Excerpted data →
>>>

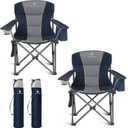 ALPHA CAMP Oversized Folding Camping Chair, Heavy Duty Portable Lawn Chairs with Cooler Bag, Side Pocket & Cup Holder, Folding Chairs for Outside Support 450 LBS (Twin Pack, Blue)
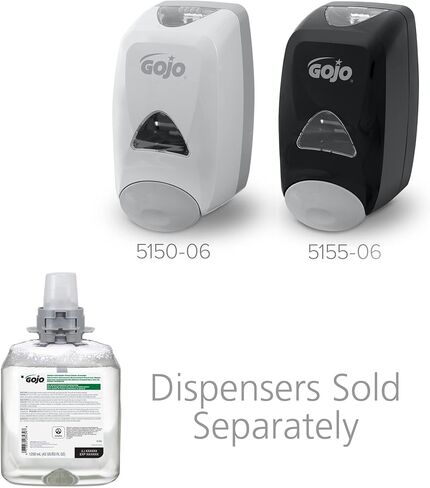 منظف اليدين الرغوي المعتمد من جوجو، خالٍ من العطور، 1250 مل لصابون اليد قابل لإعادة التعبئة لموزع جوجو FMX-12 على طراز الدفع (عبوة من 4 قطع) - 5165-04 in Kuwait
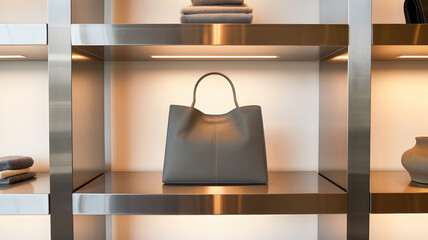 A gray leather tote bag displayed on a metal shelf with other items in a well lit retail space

<<<
>>>

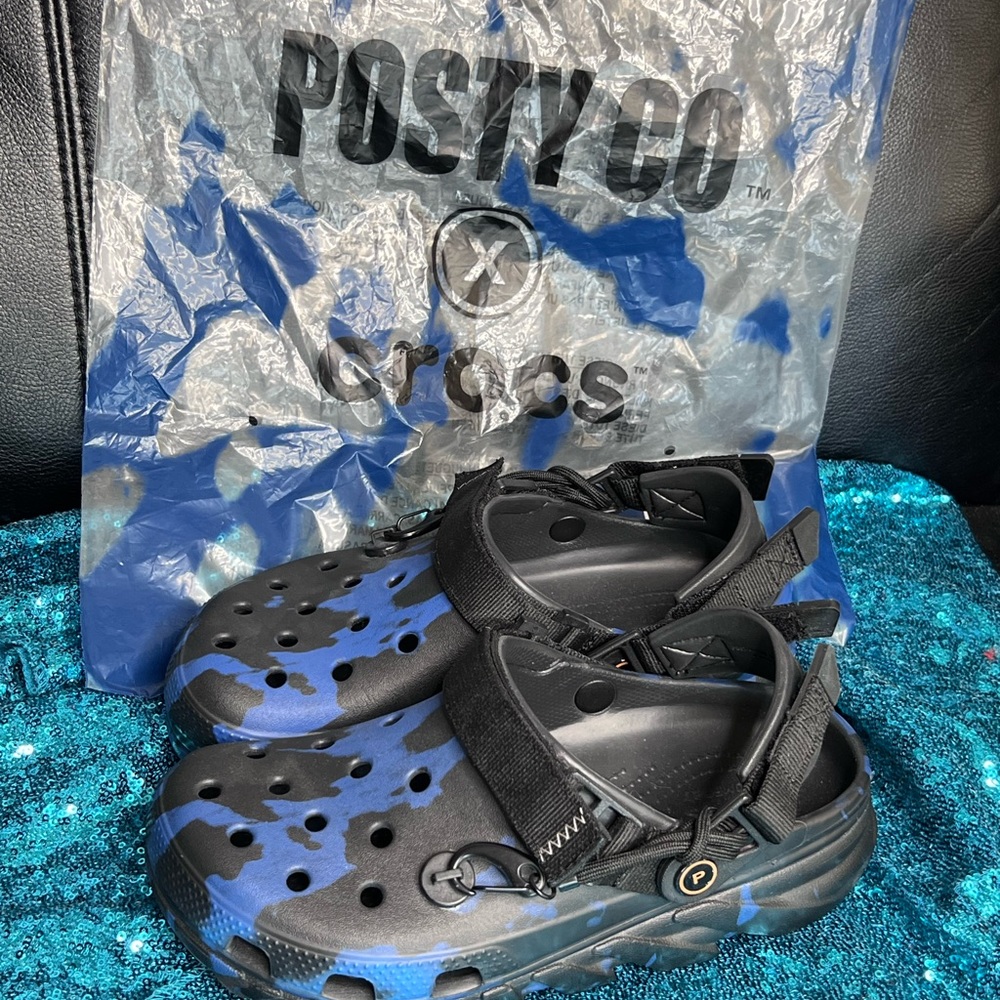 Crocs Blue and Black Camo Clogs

<<<
>>>

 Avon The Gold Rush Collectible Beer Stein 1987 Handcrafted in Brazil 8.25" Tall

<<<

Problem requirements →
All that is wanted is the lines above between the one containing "منظف اليدين الرغوي" and the one containing "A gray leather", inclusive, restated word for word, with pictures omitted.

Result of the exercise →
 منظف اليدين الرغوي المعتمد من جوجو، خالٍ من العطور، 1250 مل لصابون اليد قابل لإعادة التعبئة لموزع جوجو FMX-12 على طراز الدفع (عبوة من 4 قطع) - 5165-04 in Kuwait
 A gray leather tote bag displayed on a metal shelf with other items in a well lit retail space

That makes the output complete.